Però non erano tempi per godere troppo di queste gare sportive per la “meglio gioventù” d’Italia e d’Europa tutta e del mondo. Alla fine di quel mese di luglio, il 26, il giovane studente serbo, il diciannovenne Gavrilo Princip, sparò a Sarajevo i colpi d’arma da fuoco che uccisero l’arciduca d’Austria Francesco Ferdinando e la moglie Sofia e fu la Grande Guerra. L’Italia traccheggiò qualche mese ma poi il 24 maggio 1914 “il Piave mormorò”.
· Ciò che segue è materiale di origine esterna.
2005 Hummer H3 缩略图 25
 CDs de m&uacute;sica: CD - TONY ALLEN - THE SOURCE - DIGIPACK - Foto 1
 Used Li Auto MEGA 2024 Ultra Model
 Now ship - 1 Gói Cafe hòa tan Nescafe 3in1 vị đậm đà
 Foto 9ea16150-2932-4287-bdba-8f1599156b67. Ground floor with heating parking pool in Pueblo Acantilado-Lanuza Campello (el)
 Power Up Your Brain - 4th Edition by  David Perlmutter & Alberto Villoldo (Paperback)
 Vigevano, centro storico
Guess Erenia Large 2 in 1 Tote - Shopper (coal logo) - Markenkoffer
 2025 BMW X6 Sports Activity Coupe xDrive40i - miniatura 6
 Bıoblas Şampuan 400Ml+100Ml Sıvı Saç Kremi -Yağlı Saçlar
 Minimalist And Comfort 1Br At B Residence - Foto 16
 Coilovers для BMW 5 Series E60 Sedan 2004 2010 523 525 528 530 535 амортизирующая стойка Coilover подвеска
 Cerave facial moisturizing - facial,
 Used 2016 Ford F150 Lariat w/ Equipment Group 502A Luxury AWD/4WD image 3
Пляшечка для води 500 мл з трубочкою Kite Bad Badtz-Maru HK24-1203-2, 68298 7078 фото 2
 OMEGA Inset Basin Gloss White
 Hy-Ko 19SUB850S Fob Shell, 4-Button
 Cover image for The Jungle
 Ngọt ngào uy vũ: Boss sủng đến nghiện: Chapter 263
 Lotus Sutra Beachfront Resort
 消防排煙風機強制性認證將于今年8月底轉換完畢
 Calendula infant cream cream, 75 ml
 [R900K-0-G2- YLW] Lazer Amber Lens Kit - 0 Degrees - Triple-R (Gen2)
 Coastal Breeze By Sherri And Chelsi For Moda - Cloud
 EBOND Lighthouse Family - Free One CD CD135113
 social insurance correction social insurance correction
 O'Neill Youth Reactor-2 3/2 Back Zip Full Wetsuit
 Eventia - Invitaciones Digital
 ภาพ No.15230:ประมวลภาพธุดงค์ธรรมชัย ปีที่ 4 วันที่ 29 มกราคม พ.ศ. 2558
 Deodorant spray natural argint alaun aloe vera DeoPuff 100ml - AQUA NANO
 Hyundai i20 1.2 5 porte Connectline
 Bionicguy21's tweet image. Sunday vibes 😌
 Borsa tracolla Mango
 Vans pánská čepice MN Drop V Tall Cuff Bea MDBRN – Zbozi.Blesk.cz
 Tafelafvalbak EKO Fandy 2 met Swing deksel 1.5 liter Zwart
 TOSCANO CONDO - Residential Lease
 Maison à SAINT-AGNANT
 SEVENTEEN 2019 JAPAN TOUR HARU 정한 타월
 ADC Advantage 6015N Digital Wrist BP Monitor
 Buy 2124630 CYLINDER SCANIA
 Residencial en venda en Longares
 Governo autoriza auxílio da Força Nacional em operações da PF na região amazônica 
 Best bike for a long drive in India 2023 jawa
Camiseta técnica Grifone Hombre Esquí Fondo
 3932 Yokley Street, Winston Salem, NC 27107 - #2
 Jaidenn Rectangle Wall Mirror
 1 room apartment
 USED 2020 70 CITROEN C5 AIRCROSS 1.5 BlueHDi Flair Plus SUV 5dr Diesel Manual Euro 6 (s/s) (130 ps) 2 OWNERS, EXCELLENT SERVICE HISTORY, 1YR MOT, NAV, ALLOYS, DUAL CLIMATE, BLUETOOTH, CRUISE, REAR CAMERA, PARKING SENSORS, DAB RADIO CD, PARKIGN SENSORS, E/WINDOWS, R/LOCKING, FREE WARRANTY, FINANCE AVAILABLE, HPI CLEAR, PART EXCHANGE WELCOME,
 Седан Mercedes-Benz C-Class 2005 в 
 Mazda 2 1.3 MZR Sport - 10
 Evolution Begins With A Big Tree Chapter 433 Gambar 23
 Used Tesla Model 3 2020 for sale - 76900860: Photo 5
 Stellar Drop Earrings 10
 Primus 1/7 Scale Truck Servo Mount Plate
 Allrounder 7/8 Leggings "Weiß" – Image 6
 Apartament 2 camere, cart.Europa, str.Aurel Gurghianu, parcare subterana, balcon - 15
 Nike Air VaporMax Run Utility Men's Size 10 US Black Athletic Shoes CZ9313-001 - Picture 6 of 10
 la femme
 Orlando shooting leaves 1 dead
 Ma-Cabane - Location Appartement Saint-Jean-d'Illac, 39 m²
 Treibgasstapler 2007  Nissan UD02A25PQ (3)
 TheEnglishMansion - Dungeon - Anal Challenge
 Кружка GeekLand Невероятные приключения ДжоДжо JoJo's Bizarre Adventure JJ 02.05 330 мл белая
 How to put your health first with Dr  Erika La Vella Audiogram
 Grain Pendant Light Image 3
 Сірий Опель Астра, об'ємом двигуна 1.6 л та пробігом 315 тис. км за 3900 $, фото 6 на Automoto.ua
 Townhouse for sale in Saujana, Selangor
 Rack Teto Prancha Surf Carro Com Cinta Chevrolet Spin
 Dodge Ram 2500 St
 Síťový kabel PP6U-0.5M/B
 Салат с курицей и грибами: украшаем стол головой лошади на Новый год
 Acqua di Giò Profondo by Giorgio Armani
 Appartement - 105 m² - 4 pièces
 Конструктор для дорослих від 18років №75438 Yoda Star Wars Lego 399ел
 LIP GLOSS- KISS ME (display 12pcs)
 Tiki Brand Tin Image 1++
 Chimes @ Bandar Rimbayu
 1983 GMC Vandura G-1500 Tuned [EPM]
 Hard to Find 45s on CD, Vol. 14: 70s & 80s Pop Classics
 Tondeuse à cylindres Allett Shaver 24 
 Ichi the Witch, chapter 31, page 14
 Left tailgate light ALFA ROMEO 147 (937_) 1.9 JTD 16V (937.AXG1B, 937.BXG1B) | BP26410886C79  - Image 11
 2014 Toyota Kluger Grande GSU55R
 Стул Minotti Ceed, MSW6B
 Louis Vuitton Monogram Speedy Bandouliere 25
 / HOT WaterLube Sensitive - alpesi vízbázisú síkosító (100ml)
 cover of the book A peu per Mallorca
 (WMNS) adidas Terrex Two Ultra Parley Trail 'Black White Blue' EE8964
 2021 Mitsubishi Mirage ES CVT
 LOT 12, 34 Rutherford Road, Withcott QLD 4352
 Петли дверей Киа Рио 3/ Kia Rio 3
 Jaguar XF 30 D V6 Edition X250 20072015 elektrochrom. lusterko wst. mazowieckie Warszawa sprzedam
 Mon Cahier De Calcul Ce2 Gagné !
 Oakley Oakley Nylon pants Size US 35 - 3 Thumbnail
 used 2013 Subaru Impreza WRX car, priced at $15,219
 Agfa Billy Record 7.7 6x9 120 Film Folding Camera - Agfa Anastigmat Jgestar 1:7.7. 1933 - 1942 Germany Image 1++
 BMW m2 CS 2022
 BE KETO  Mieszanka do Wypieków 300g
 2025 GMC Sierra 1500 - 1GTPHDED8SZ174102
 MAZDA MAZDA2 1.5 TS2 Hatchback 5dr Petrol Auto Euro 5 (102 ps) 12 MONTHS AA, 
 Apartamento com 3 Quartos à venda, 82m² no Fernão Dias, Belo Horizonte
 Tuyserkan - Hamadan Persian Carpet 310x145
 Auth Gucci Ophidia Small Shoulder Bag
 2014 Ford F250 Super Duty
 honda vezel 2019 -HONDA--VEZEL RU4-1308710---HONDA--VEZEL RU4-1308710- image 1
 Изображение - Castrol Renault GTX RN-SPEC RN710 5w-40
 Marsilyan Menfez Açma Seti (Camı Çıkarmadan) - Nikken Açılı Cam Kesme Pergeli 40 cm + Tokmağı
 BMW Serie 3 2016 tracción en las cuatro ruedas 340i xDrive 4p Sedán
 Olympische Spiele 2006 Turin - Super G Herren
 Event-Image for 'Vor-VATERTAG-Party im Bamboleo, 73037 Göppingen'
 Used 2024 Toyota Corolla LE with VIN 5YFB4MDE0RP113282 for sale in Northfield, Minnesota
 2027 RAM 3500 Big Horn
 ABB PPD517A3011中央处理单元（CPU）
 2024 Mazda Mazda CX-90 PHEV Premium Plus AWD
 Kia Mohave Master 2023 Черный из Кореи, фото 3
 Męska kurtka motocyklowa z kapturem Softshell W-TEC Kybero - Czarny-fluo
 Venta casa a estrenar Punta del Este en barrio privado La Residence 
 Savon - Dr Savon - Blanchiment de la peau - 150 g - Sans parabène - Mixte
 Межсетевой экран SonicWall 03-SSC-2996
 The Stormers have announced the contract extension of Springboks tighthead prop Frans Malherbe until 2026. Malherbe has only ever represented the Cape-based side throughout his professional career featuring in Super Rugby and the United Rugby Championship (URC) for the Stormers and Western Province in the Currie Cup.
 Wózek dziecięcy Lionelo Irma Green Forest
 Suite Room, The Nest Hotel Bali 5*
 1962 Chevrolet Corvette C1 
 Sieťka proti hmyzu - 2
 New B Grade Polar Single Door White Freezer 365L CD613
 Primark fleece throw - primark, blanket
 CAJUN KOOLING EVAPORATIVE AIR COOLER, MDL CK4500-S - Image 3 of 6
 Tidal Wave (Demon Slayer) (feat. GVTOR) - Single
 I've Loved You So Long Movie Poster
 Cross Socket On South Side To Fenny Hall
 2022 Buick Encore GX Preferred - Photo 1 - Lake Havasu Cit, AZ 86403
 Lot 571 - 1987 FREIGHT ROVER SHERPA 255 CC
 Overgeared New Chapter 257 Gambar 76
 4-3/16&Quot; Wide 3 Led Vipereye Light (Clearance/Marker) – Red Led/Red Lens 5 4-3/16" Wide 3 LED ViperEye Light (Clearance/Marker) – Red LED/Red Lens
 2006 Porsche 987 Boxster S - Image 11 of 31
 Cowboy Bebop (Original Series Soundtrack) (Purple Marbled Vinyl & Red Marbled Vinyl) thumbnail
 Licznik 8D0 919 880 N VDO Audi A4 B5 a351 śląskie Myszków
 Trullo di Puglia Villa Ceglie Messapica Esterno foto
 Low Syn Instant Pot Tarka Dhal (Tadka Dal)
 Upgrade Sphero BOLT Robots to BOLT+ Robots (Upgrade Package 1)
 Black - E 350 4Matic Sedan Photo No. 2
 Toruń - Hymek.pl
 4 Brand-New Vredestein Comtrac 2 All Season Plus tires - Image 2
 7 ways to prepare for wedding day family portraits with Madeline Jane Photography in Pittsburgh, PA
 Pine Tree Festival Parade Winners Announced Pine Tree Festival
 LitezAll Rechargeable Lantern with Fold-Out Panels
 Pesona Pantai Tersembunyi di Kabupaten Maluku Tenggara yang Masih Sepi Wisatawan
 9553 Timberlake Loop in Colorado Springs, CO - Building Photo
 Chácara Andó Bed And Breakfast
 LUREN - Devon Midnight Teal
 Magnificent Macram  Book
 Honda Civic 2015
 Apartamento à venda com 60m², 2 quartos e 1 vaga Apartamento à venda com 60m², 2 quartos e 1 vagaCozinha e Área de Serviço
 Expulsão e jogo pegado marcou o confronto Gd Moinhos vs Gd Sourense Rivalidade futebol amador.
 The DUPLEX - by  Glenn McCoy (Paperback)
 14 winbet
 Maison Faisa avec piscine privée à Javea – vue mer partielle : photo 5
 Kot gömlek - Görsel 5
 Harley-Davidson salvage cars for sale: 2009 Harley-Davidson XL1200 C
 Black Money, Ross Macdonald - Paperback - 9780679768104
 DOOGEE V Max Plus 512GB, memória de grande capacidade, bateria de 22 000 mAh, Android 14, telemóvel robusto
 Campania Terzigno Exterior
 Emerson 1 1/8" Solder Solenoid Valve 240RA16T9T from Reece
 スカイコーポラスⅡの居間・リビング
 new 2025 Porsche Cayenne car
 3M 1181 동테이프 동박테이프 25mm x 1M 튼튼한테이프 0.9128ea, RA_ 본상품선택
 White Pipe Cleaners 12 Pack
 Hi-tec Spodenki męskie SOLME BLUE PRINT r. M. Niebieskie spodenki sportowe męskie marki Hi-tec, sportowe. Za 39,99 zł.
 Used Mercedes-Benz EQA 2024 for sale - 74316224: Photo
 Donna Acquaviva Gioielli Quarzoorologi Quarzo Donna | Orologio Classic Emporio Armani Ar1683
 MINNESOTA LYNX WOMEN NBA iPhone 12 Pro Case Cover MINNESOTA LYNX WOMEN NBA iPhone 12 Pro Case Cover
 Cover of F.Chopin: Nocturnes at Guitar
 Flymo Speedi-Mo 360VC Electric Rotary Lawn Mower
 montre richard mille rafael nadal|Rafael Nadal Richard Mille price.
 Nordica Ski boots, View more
Lo ascoltarono anche i Depennati, che s’arruolarono volontari. Teodoro Mariani e Giuseppe Sinigaglia non tornarono più: Teodoro morì il 2 agosto 1916 colpito dalle schegge di un bombardamento sul Monte Zebio, Il “Sina”, invece, il tenente del Secondo Reggimento dei Granatieri di Sardegna Giuseppe Sinigaglia, otto giorni dopo, il 10 agosto 1916, venne falciato da una sventagliata di mitragliatrice mentre andava all’assalto per la conquista della Cima Quattro del San Michele, sul Carso, La conquistò, ma con essa anche la medaglia d’argento al valor militare. Alla memoria.